Gunclje (/sl/; Gunzle) is a settlement in central Slovenia, immediately northwest of the capital Ljubljana. It belongs to the Šentvid District of the City Municipality of Ljubljana. It is part of the traditional region of Upper Carniola and is now included with the rest of the municipality in the Central Slovenia Statistical Region.

==Name==
Gunclje was first attested in written sources in 1430 as Güntzleinsdorff, and later as zu Güntzlach in 1438 and Künczlach in 1455 (both based on the Slovene locative plural) and Güntzla (in 1449), among other spellings.

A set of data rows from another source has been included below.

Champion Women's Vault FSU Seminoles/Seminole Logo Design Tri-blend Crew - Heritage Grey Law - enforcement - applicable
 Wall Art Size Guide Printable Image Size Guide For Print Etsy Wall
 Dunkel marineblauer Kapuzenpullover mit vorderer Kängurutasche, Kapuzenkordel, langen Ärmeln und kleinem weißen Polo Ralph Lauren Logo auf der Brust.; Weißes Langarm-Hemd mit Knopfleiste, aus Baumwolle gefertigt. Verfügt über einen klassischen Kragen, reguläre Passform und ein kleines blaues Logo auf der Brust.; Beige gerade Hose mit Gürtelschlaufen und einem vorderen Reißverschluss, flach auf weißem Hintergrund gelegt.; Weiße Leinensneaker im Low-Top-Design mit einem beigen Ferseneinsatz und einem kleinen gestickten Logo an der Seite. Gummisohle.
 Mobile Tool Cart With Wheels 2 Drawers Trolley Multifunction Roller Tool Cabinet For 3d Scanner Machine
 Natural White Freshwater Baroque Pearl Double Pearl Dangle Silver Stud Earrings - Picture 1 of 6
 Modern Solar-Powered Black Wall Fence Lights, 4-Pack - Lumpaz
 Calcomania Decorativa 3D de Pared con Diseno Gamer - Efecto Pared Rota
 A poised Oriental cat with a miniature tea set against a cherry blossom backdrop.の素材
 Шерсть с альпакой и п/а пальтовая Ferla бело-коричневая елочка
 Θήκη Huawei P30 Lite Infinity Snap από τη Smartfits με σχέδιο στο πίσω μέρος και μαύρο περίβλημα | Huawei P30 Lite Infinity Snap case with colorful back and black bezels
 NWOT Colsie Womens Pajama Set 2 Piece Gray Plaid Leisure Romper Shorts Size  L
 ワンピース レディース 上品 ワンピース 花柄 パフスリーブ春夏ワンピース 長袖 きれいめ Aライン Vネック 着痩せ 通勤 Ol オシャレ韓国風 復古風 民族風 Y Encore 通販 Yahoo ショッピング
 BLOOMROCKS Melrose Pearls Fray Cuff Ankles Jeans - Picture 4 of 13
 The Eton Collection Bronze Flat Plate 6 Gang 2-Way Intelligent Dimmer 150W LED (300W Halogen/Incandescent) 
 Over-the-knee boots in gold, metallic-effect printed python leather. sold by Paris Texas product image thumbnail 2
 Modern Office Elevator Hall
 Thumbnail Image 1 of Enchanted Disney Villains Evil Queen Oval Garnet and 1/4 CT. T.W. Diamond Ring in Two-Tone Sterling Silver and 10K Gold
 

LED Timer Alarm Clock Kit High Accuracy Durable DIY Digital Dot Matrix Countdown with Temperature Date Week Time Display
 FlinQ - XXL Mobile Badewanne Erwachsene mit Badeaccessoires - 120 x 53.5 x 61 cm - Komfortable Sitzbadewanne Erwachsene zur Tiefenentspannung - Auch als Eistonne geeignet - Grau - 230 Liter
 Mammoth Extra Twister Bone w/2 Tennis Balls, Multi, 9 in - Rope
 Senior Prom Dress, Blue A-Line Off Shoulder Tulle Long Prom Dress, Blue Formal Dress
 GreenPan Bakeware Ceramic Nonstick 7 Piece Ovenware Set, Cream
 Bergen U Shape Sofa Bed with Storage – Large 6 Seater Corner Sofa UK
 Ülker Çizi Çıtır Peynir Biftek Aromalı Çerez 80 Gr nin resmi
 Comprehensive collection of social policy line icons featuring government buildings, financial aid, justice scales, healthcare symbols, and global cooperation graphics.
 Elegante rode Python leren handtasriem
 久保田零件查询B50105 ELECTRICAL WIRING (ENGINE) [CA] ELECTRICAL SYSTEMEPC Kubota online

The name Gunclje is derived from the Slavic personal name *Guncelj (derived in turn from Old High German Gunzelîn, a diminutive of Gunzo), and likely refers to an early inhabitant of the place.

==History==
Gunclje was annexed by Šentvid in 1961, ending its existence as a separate settlement. In 1974, Šentvid, together with Gunclje, was annexed by Ljubljana.

==Cultural heritage==
The village core of Gunclje, extending from the chapel-shrine in the center of the village to a crucifix shrine at the edge of the woods, has been registered as cultural heritage. The village core preserves the character as a linear settlement (a village lying almost entirely along a single road) with perpendicularly placed houses and farm buildings aligned with them.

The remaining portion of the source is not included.